- Opening Delimiter -

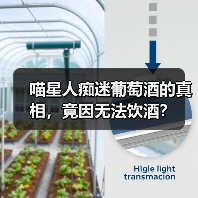 喵星人痴迷葡萄酒的真相,竟因无法饮酒?(图3) 喵星人痴迷葡萄酒的真相,竟因无法饮酒?(图3)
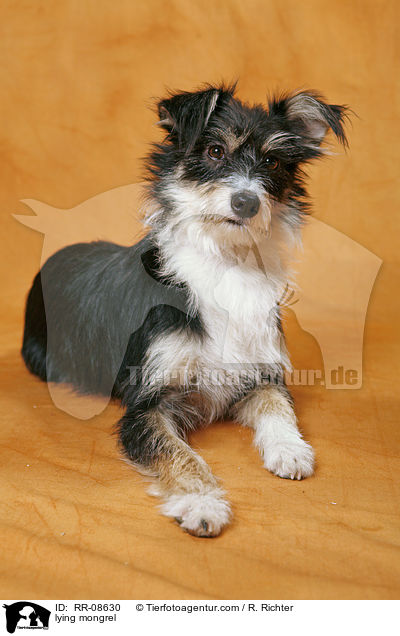 liegender Mischling / lying mongrel / RR-08630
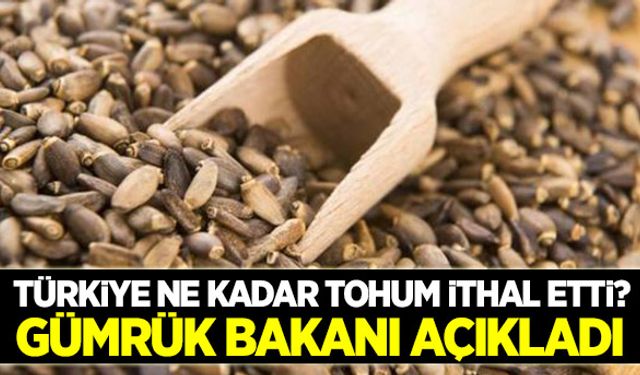 Türkiye 5 yılda tohum ithalatına 1.2 milyar dolar harcadı!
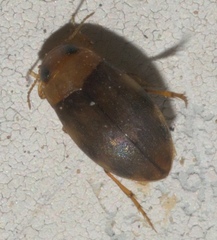 Bidessonotus
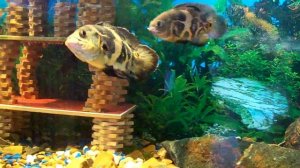 Мои астранотусы играют.....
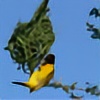 Yellow-Weaver's avatar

- Closing Delimiter -

* Your objective *
Every line of the material must be returned exactly; leave the images out.

* Exercise response *
 喵星人痴迷葡萄酒的真相,竟因无法饮酒?(图3) 喵星人痴迷葡萄酒的真相,竟因无法饮酒?(图3)
 liegender Mischling / lying mongrel / RR-08630
 Türkiye 5 yılda tohum ithalatına 1.2 milyar dolar harcadı!
 Bidessonotus
 Мои астранотусы играют.....
 Yellow-Weaver's avatar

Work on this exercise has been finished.